"Crush" is a song by American singer Jennifer Paige. The teen pop song was written by Andy Goldmark, Mark Mueller, Berny Cosgrove and Kevin Clark. It was released as the first single from her debut album, Jennifer Paige (1998). The music video for "Crush" was produced by Kati Haberstok and directed by David Hogan. "Crush" topped the charts in Australia, Canada, and New Zealand while peaking at number three on the US Billboard Hot 100, where it stayed for four consecutive weeks in September 1998. In the United Kingdom, "Crush" reached number four on the UK Singles Chart, and it also reached number four in France. It became a top-20 hit in at least 13 other countries, including Belgium, Germany, Ireland, Italy, the Netherlands, Norway, and Spain.
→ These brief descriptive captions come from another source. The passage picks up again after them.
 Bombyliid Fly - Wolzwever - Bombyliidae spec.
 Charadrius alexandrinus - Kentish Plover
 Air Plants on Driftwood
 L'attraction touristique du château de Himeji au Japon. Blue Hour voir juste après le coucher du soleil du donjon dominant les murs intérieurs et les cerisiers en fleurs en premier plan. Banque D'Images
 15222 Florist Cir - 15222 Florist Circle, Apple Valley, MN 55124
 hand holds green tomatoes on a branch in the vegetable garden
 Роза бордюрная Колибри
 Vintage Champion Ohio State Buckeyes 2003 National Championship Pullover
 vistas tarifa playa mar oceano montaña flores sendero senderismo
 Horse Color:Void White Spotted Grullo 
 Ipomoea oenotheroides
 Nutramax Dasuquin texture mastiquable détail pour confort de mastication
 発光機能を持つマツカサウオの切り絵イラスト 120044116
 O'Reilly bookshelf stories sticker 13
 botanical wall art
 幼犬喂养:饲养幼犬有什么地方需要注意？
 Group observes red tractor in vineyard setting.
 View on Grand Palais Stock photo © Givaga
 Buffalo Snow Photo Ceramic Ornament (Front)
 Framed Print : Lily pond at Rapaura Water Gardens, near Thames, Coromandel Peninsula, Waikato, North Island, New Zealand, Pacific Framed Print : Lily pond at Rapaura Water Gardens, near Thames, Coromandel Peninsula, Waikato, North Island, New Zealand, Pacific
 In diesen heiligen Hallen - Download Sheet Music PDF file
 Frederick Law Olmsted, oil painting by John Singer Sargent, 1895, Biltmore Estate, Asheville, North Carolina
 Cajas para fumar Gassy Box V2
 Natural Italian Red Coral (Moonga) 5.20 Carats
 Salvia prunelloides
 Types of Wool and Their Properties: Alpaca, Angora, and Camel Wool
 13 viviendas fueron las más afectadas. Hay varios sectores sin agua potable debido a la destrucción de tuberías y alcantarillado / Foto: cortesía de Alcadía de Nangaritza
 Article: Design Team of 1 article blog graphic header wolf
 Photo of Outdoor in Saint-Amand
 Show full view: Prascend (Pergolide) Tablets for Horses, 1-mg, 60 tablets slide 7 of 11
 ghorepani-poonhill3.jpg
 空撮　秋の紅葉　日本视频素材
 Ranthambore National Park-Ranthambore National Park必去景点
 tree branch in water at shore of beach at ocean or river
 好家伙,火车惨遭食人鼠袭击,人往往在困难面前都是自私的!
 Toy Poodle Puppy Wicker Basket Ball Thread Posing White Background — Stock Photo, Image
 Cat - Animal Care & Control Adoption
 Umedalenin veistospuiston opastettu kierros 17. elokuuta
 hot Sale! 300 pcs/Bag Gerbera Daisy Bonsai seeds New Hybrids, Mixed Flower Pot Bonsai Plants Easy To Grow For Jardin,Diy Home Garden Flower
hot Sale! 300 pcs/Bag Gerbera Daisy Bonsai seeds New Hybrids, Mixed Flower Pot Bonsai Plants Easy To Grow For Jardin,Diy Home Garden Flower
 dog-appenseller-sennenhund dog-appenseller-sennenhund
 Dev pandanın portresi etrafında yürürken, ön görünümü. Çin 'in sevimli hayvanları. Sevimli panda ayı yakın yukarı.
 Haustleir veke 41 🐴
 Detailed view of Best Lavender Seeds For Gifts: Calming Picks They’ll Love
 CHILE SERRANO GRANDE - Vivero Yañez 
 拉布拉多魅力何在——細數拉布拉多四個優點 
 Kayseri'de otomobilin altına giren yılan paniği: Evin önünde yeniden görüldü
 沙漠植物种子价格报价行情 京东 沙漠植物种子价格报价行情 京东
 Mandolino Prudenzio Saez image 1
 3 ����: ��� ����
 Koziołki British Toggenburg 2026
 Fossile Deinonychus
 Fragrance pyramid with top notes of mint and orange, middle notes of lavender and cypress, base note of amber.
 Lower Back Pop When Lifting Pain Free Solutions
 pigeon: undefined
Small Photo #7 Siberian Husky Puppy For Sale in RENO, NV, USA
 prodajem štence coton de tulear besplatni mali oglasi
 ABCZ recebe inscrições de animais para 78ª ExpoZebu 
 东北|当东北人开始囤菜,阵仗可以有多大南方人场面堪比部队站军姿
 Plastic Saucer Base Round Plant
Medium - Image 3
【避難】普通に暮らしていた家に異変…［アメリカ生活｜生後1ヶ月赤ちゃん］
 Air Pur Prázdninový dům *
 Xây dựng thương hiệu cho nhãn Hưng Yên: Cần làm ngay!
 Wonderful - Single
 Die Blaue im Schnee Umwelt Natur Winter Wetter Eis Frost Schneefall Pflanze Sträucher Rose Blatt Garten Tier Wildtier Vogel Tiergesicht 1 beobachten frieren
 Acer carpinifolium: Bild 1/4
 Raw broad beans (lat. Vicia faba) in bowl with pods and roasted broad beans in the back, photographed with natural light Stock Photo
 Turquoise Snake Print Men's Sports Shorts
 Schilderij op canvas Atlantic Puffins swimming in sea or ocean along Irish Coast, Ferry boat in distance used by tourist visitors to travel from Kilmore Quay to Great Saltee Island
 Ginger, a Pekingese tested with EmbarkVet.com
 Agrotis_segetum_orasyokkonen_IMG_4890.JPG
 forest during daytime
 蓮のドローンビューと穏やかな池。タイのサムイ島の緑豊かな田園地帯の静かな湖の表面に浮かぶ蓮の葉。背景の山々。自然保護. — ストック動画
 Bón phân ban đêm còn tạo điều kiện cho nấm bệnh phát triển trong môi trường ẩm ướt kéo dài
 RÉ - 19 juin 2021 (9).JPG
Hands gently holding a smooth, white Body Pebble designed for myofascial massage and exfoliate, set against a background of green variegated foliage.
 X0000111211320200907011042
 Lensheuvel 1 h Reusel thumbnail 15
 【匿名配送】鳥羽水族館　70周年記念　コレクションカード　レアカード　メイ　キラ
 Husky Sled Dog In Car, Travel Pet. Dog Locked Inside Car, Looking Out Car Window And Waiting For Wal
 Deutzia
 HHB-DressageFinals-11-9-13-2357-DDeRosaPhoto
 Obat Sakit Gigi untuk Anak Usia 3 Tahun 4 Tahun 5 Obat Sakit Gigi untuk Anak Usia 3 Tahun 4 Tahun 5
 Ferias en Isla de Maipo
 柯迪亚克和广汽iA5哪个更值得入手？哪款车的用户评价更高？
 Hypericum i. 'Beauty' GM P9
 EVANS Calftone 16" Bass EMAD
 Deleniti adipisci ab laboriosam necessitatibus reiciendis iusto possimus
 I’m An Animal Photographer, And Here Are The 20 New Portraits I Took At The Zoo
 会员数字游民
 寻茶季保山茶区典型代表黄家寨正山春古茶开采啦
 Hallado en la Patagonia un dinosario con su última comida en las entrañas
Background and composition
In April 1998, soon after Paige recorded "Crush," producer Andy Goldmark played the song at top pop Los Angeles radio station KIIS-FM, where it met with a hugely positive reaction from programmers and was added to the station's playlist within days. During the first week of May, KIIS-FM became the first radio station to begin playing "Crush" and it began its meteoric rise up the charts, without typical record company promotion or release. Paige said "we had no pictures, photography, hadn't gotten it mastered or mass-produced it, nothing." Edel Records, Paige's initial label, made an initial press run of 20,000 copies of "Crush" which sold out quickly, and it soon became KIIS-FM's most requested song.

The song, written by Paige's producer Andy Goldmark along with the songwriters Mark Muller, Berny Cosgrove and Kevin Clark, was inspired by Paige's personal experiences and observations in her love life. There have been claims that It was written for Joey Fatone of NSYNC, as she was rumored to be dating him at the time. However, Paige told Disney Chat that they were never in a relationship. The rumors started as they used to run into each other a lot during concerts and TV appearances. One day Paige was given a Superman ring, and as Fatone collects Superman stuff he said it was her engagement ring. "Crush" is written in the key of C♯ minor and follows a tempo of 115 beats per minute. Paige's vocal range spans from G3 to C5.

Critical reception
Billboard wrote that Paige "succeeds in the nearly impossible task of oozing smoldering sensuality without resorting to typical groans and moans. Instead, she uses her notably flexible vocal range to convey the emotion of the tune, quickly soaring to lilting high notes and then dropping to the lowest point of her register to accentuate within the space of several seconds." They stated further that "as a result, she breathes a refreshing intensity into the song that renders it far more sexy than it would have been had she simply taken the easy route. Fortunately, this talented new artist is given a substantial song to work with," adding that producers Andy Goldmark and Jimmy Bralower "surround Paige with tense shuffle beats and twinkly synths". Blender put "Crush" at 189th place on their list of 500 Greatest Songs Since You Were Born. They described the song as "an unusually supple and sophisticated teen-pop hit informed by the level-headed sass of great R&B... swept along by a breathy chorus, pulsing groove and Paige's exquisite multilayered vocals."

Chart performance
"Crush" was an international hit that peaked at number three on the US Billboard Hot 100, earned a Gold certification from the Recording Industry Association of America, and sold 700,000 by the end of 1998. It reached number one in three countries: Australia (two weeks), Canada (five weeks) and New Zealand (one week). In Australia, the song is certified 2× Platinum for more than 140,000 copies shipped, while in New Zealand it is certified Gold for sales of over 5,000. In Europe "Crush" reached number four in France and the United Kingdom, going Gold in both countries, and number six in Ireland, the Netherlands and Norway. It also became a top-ten hit in Austria, Walloon Belgium, Denmark, Hungary and Spain, and it reached the top 20 in Flanders, Germany, Iceland, Sweden and Switzerland.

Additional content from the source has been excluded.